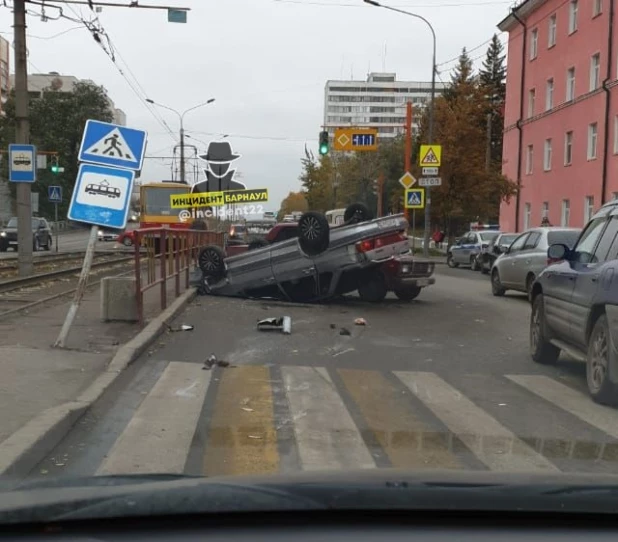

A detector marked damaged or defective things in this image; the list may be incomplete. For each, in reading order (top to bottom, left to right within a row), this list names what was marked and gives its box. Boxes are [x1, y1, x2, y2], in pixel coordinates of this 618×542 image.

overturned car [196, 205, 434, 306]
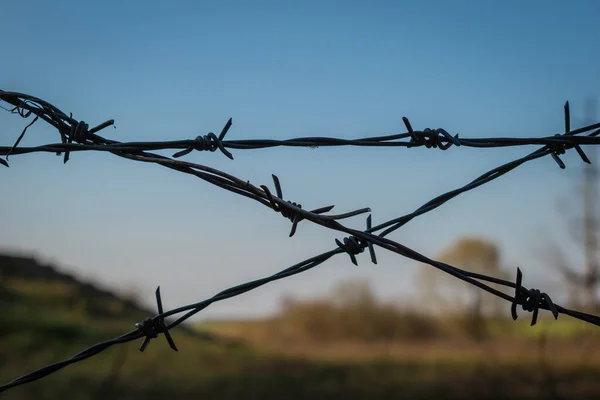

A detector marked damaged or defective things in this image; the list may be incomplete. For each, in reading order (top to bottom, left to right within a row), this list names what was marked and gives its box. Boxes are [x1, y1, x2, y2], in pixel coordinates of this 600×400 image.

rusty metal wire [1, 89, 600, 392]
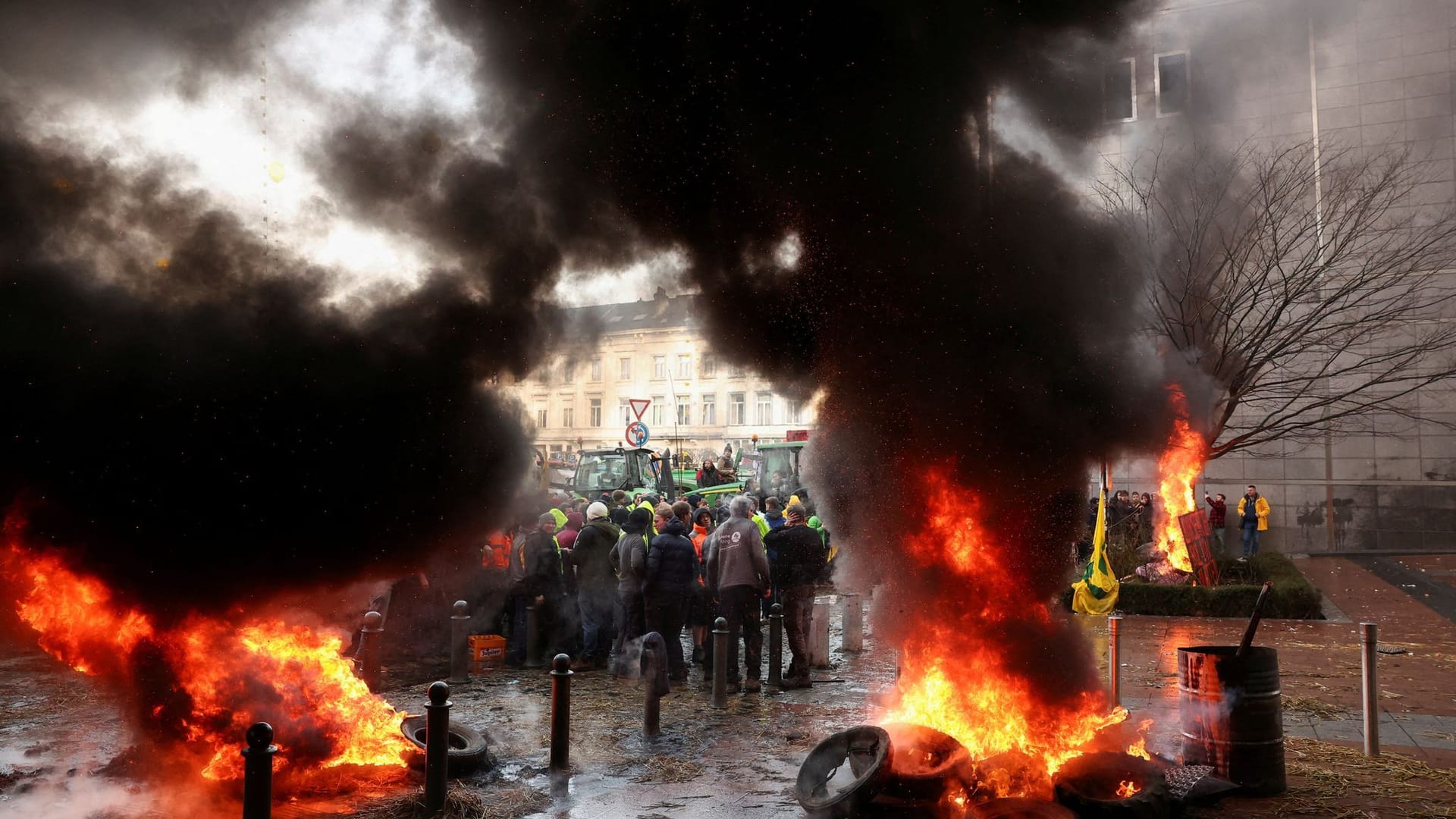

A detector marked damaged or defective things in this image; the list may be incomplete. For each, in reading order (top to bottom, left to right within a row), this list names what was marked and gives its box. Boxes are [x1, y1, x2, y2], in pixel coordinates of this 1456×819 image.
= = = =
* Exercise directions: Give every entry above again, exactly, and keep all pictures out of it.

* Written response:
A detector marked damaged or defective things in this image; the list may be incomplete. For each, in reading order (top to bottom, left to right within a row), this list names what was marked and gives its box. Boxes are [x1, y1, x2, y2], in pixel coordinates of this 618×542 image.

overturned car [196, 205, 434, 306]

A detector marked damaged or defective things in this image; the list may be incomplete. For each, in reading order (top to bottom, left to right within a row), this list names what was marked and gives its box. Boxes are [x1, y1, x2, y2], in pixel coordinates of this 600×400 image.

rusty metal wire [1, 89, 600, 392]

A detector marked damaged or defective things in this image; the list may be incomplete. For each, in reading order (top to bottom, left to right within a row), this list names what was marked and gives its box. Boxes are [x1, y1, x2, y2], in pixel coordinates of this 1456×819 image.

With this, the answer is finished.